One of the endearing things about Australia is that we are just as bad at national days as we are at national songs.

Our supposed official national holiday, Australia Day, marks the day when the First Fleet landed in Sydney Cove in 1788.  It provides a telling contrast with its US equivalent. Thanksgiving Day celebrates the anniversary of the pilgrim fathers' first harvest in New England, their heartfelt thanks at the progress of their new community of religious freedom far from the tyranny of their English oppressors.

By contrast, very few of those who landed in Sydney Cove in 1788 were inclined to celebration.  Most of them were in chains, with their oppressors on hand and well armed to keep them down.  Nor were the soldiers who guarded them much more enthusiastic, sent on this posting to the ends of the earth to guard dangerous prisoners.  The original inhabitants were none too pleased either at having their best lands taken by these strangers.

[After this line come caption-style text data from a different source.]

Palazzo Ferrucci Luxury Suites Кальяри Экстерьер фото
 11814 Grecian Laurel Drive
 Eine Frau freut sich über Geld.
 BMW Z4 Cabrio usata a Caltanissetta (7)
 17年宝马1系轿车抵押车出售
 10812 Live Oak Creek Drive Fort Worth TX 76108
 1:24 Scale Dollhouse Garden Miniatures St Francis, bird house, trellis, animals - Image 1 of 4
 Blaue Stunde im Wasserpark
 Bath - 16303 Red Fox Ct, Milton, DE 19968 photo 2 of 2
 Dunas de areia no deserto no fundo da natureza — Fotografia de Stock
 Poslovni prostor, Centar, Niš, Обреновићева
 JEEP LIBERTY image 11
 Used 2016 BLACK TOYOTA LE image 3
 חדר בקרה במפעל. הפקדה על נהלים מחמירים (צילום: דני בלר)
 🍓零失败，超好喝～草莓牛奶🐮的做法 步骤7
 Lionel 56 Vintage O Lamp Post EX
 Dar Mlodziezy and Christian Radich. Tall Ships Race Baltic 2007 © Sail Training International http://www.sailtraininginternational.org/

Our celebrations occasionally rise to an acceptable level of jingoism, but honestly our hearts are not in it.

Sadly we seem to be able to work up a bit more nationalistic excitement on Anzac day and this has increased in volume this year with tomorrow being the 100th anniversary of the original landing at Gallipoli.  Perhaps after this year it will become more acceptable again to be apathetic about the occasion.


Still, it's kind of jarring that a nationalistic celebration of all things Australian and military should be on the anniversary of a huge, multi-faceted military balls-up on the other side of the world.  We were helping with an invasion of Turkey because our British colonial masters demanded it of us, not because there was any particular Australian interest involved.

Nor were the Ottoman Turks particularly enthusiastic about the war themselves.  When hostilities broke out in Europe in 1914 they vacillated for a long time.  Most of the Ottoman cabinet preferred neutrality, and a bit of skillful diplomacy by the British could have kept them out of the war.  Instead, the British government commandeered two warships they had been making for the Turks.  The Germans immediately offered to replace them.  The Turks were worried about the threat from Russia to their east.  Even so, it was some pre-emptive military action by their German-trained military commander that finally pulled them reluctantly into the war.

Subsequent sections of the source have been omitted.